- Opening Delimiter -

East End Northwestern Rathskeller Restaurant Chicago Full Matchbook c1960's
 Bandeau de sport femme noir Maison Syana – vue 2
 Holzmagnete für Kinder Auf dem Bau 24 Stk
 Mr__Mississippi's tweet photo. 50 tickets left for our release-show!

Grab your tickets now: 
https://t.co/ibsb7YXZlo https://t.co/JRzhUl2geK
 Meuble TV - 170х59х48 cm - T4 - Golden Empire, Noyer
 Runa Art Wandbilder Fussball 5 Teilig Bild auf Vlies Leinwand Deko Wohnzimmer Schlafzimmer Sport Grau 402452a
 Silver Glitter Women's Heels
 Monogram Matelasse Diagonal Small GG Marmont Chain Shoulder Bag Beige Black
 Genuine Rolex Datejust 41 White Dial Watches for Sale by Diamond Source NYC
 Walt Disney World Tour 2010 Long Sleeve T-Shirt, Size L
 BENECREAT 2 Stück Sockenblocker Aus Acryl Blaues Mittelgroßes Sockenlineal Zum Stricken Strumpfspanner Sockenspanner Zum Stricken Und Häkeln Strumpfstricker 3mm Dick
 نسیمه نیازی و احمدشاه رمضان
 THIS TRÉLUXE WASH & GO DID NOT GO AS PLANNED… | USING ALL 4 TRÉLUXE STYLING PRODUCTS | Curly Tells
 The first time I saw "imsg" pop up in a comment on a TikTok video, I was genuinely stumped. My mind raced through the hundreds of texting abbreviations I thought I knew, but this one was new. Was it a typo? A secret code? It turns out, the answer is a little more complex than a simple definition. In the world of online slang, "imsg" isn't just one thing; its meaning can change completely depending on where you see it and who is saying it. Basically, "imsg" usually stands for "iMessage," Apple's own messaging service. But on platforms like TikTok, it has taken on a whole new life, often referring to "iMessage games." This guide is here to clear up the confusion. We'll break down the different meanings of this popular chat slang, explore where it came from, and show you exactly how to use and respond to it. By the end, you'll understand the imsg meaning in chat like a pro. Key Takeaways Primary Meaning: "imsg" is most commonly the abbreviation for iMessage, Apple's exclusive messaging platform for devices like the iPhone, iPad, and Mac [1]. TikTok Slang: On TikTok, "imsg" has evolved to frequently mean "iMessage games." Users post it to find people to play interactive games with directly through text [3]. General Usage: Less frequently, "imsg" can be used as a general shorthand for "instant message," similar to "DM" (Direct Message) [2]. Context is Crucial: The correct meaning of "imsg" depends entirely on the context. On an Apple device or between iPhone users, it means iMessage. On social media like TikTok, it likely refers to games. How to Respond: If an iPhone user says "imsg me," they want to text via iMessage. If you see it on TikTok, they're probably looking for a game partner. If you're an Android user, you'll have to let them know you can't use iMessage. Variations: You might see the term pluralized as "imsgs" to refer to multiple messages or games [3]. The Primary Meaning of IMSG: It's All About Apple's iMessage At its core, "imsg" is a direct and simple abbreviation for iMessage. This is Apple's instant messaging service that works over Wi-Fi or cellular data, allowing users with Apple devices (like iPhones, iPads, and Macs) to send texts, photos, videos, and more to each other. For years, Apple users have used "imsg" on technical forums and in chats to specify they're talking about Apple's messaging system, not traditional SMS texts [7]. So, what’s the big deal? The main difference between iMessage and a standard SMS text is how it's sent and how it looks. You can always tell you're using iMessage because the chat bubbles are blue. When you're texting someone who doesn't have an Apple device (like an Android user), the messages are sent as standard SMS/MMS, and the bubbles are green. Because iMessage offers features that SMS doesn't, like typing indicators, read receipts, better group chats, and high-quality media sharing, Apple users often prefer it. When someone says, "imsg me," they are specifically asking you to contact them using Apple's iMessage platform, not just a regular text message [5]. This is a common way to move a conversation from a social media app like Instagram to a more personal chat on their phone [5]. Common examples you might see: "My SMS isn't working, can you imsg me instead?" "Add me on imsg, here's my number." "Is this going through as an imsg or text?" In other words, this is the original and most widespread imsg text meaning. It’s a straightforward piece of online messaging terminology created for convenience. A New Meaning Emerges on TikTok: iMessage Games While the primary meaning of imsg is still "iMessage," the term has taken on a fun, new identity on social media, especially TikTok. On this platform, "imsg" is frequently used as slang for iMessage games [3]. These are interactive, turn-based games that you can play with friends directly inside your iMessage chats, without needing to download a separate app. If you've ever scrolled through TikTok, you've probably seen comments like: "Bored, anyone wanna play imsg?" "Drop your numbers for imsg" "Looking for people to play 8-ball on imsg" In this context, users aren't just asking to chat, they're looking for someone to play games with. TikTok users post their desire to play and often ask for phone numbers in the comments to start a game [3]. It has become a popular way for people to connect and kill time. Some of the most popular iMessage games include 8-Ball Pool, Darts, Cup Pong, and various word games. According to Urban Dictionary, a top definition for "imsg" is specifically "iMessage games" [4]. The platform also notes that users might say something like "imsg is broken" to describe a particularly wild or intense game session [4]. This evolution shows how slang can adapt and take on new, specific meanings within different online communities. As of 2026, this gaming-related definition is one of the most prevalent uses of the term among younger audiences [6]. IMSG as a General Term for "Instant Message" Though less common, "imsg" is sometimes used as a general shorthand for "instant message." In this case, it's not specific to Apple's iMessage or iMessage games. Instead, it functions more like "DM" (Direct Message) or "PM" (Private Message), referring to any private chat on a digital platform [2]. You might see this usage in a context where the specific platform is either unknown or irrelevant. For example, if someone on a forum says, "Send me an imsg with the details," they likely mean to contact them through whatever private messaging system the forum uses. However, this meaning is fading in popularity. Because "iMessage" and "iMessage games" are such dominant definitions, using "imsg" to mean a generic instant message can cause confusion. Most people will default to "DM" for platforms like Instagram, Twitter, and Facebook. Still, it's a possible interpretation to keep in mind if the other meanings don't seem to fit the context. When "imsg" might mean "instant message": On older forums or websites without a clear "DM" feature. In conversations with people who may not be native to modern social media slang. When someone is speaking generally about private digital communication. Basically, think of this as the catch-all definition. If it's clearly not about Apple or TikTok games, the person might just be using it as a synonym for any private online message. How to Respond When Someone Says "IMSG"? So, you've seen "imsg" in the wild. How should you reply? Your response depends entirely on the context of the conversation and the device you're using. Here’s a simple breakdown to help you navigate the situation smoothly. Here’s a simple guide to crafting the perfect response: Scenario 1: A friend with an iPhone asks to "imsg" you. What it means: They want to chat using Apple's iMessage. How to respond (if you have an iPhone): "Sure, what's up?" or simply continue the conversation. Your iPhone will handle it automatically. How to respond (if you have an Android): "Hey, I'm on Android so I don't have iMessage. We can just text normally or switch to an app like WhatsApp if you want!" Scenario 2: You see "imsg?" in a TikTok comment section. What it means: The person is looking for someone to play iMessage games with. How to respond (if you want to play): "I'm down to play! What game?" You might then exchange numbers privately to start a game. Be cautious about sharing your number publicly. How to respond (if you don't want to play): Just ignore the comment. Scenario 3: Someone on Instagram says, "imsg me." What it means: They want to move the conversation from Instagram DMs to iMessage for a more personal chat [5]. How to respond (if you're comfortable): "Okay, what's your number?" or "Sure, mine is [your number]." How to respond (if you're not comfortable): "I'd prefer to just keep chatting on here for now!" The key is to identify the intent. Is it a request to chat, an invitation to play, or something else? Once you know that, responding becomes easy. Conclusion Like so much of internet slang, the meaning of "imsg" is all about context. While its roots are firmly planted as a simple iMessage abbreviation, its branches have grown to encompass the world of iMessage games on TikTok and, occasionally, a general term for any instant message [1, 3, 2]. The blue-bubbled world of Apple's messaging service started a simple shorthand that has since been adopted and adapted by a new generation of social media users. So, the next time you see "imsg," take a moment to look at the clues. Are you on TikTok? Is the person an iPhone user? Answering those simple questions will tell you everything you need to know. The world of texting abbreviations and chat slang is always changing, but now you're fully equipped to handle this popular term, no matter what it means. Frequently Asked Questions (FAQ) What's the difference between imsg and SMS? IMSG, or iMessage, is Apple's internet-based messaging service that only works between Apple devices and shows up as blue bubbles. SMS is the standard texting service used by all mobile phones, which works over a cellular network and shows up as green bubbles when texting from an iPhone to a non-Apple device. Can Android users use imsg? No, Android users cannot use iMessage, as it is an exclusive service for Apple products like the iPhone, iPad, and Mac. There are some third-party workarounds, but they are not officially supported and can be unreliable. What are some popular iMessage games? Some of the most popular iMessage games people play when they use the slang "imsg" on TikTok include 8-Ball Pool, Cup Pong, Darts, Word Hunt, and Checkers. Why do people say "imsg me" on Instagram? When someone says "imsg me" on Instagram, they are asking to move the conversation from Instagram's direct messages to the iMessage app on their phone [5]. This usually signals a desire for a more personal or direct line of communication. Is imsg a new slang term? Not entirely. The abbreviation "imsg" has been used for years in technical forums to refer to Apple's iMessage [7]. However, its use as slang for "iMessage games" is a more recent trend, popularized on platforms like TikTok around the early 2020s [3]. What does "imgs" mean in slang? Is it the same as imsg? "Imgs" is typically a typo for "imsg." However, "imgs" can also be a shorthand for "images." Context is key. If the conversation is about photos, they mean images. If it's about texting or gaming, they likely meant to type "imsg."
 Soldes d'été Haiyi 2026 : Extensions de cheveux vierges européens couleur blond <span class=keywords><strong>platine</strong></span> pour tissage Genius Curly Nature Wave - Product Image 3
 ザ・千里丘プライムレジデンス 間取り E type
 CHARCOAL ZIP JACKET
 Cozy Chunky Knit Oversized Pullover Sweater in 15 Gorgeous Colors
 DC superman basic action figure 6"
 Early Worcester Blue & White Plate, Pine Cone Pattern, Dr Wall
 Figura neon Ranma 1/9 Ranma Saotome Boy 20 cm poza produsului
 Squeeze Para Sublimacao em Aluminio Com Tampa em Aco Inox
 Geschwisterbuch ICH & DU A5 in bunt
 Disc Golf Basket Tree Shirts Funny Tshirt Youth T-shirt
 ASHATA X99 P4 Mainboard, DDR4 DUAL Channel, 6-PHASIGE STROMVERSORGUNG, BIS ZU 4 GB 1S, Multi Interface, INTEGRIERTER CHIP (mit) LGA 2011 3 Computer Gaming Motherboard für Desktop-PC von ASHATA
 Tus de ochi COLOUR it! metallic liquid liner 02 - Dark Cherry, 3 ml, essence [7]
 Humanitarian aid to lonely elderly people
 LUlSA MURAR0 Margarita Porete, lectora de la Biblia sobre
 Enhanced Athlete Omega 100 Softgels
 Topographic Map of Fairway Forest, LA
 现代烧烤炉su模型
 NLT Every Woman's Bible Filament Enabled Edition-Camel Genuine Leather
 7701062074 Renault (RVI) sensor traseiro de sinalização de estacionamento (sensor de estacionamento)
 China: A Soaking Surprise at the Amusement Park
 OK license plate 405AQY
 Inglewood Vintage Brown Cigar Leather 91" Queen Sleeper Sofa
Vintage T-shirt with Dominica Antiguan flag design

- Closing Delimiter -

▸ Work instructions
What lines in the data above carry "White"? Return them all.

▸ Task result
 Genuine Rolex Datejust 41 White Dial Watches for Sale by Diamond Source NYC
 Early Worcester Blue & White Plate, Pine Cone Pattern, Dr Wall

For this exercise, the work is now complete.